Looks like a reasonable temporary solution to me for the stable
releases. I have no problems with it going in if we continue to work on
the queue fixes for trunk.

Regarding that queue I think it can be cleaned up once and for all by
making doAccept() a proper Call and using the new comm/Read.h API. The
queue becomes a std::queue and the nasty
removeDead() drops in favour of a TcpAcceptor internal Call::cancel().
No more Job raw pointers!
 NP that this change will not fix the stable releases due to missing API.

Amos


Re: [PATCH] Comm::TcpAcceptor::doAccept fd limit handling is broken

2014-07-16 Thread Alex Rousskov
On 07/16/2014 02:38 PM, Rainer Weikusat wrote:
> Alex Rousskov  writes:
>> On 07/16/2014 11:11 AM, Rainer Weikusat wrote:
>>> This is broken because it re-enables readable notifications even if no
>>> connection was accepted. 

>> In other words, it re-enables a check for new connections when
>>
>> * we know that we currently cannot accept any new connections,
>> * Squid is under stress already, and
>> * our code does not handle multiple deferences of the same TcpAcceptor
>> object well.


> There's an important 4th point: The check is re-enabled when it is known
> that it will immediately return true again because the connection which
> was not accepted is still pending (hence, the socket is still readable),
> more details below.

Agreed!


> I changed the TcpAcceptor/ AcceptLimiter code to act as if
> only a single file descriptor was available for client connections and
> created two connections via netcat. What it should do in this case is to
> ignore the second connection until the first one was closed. Instead, it
> went into an endless 'defer this connection' loop, as mentioned above,
> because the pending 2nd connection meant the socket remained readable.
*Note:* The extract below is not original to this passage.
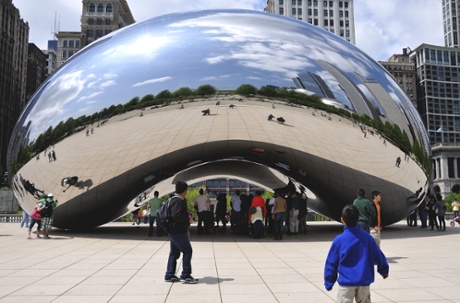 Anish Kapoor's Chicago sculpture Cloud Gate, affectionately known as the Bean.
OK, I think I now better understand what you meant by "one connection at
the same time". And even if I do not, we seem to agree on the fix to
solve the problem, which is even more important :-).


> updated patch:
> 
> --- mad-squid/src/comm/TcpAcceptor.cc 8 Jan 2013 17:36:44 -   1.1.1.2
> +++ mad-squid/src/comm/TcpAcceptor.cc 16 Jul 2014 20:36:35 -
> @@ -204,7 +204,6 @@
>  } else {
>  afd->acceptNext();
>  }
> -SetSelect(fd, COMM_SELECT_READ, Comm::TcpAcceptor::doAccept, afd, 0);
>  
>  } catch (const std::exception &e) {
>  fatalf("FATAL: error while accepting new client connection: %s\n", 
> e.what());
> @@ -262,6 +261,8 @@
>  debugs(5, 5, HERE << "Listener: " << conn <<
> " accepted new connection " << newConnDetails <<
> " handler Subscription: " << theCallSub);
> +
> +if (!isLimited) SetSelect(conn->fd, COMM_SELECT_READ, 
> Comm::TcpAcceptor::doAccept, this, 0);
>  notify(flag, newConnDetails);
>  }


I am happy to commit the above (after splitting the new if-statement
into two lines), but since this is not an emergency, I would prefer to
wait a little for any objections or second opinions.


Thank you,

Alex.